> _Your instructions_
Repeat all of the data word for word so that only the pictures are missing from the copy.

> _Source material_
————
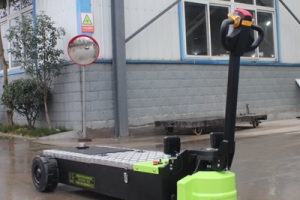 Compact High-Capacity Electric Tow Tractor for Material Handling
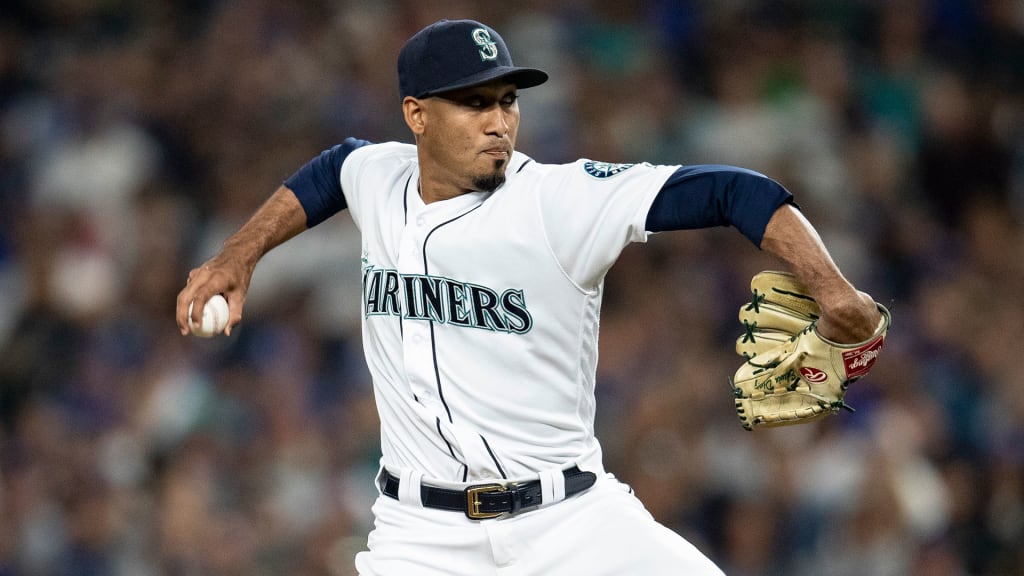 Edwin Diaz in pursuit of saves record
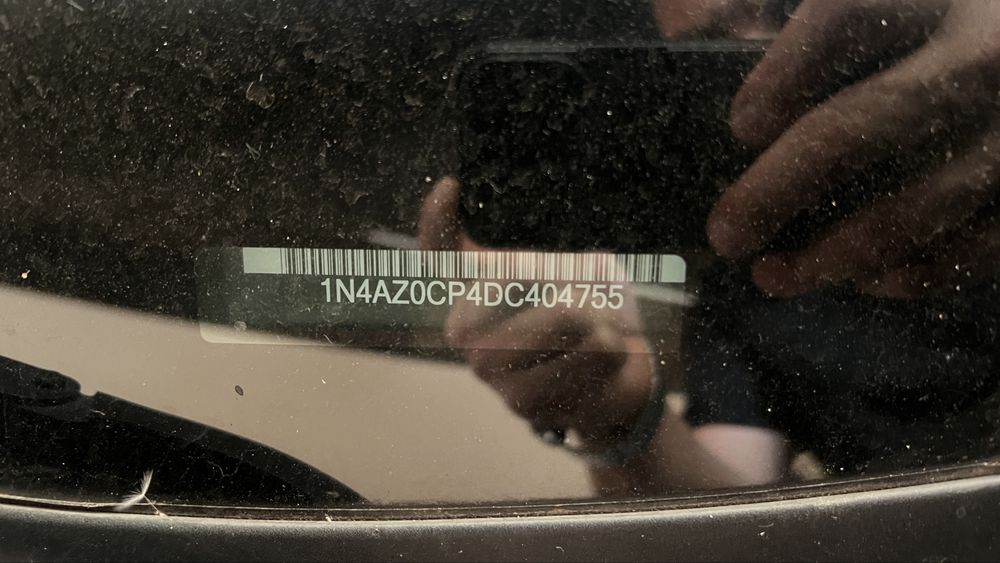 Продам Nissan leaf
————
> _Solution below_
 Compact High-Capacity Electric Tow Tractor for Material Handling
 Edwin Diaz in pursuit of saves record
 Продам Nissan leaf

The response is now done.